While part-payments to growers help sugar mills stay financially viable, farmers point out that receiving payment in instalments would be of no use to them when they go to purchase inputs or pay labourers.
After NITI Aayog, the Commission of Agricultural Cost and Price (CACP) has now suggested that sugar mills be allowed to pay growers the Fair and Remunerative Price (FRP) in instalments. In its latest report, CACP has asked the central government to suitably amend the Sugarcane Control Order 1966 to bring about this change.
The Sugarcane Control Order mandates that mills have to pay farmers the government-declared FRP within 14 days of delivery of cane. Sugar commissioners can recover cane dues as revenue arrears by auctioning off their property. Surety of payment is the main reason cited by farmers in water-stressed parts of the state to go for sugarcane farming.
In its Price Policy for Sugarcane Report for 2021-22, CACP has recommended that part-payment of FRP be made part of the order.
“The statutory provision of Sugarcane (Control) Order 1966, mandates payment to the farmers within 14 days from the date of supply of sugarcane but is rarely compiled by the mills as sale of sugar is spread throughout the year. The mills take loan from the banks to make payment to farmers and incur a huge interest cost. The Commission recommends Sugarcane (Control) Order 1966 to allow cane payment in instalments and payment of additional cane price to growers on account of interest cost saving by sugar mills,” the report reads.
Earlier, the NITI Aayog’s recommendation regarding payment of FRP in instalments had been met with stiff resistance from farmers’ bodies. In its report of March 2020, the NITI Aayog had recommended payment of FRP in three instalments – 60 per cent within 14 days of cane delivery, 20 per cent within the next two weeks and the rest within another one month or upon sale of sugar, whichever is earlier. This, the Aayog said, was necessary to help mills to remain financially healthy and viable.
Cane dues have been a major issue, especially in Uttar Pradesh where mills have defaulted on payments much more than in other states. Mills say the burden of FRP payment in one go forces them to take loans from various sources which weakens their balance sheets in the long run.
In Maharashtra, 97 of the 190 mills had entered into pre-harvest agreements with farmers for part-payment of FRP with the clause being inserted in the cane purchase agreement signed by farmers. Leaders like former MP Raju Shetti had stoutly opposed this agreement stating this was against the spirit of the law.

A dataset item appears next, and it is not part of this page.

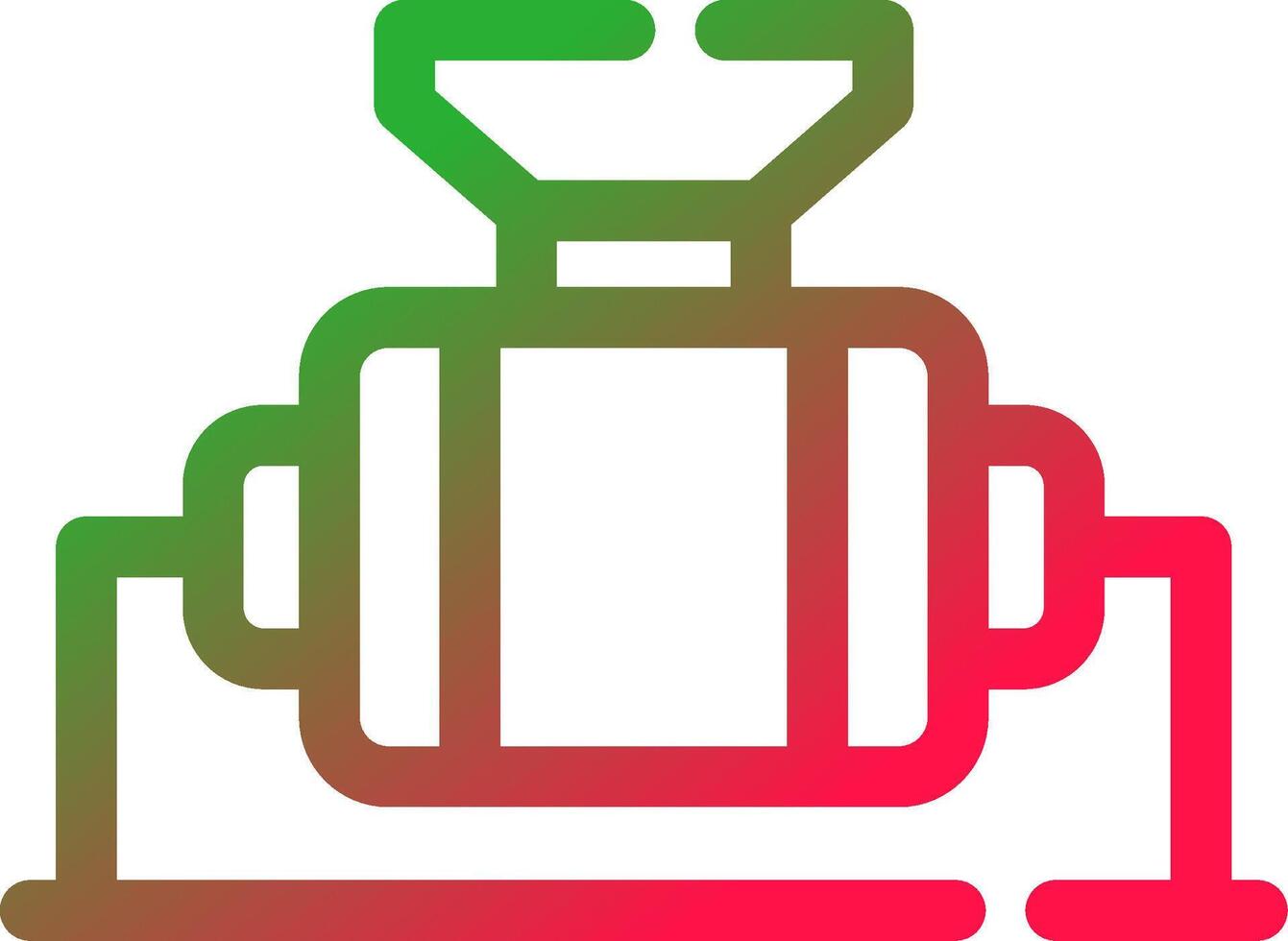 Line Red and Green Gradient vector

The CACP’s recommendations have been opposed by cane farmers who say it is not feasible. Ankush Chormule, an agronomist and cane grower from the village of Astha in Walva taluka, Sangli district pointed out that the part-payment would not help when farmers go to buy inputs or pay labourers. “When we go to buy fertilizers, pesticides, etc we have to pay upfront. As a crop, cane stands on the fields for at least 14-18 months and our economies depend on the payment we receive in one go. If the mills are allowed to pay in instalments, it would disturb our cycle,” he said.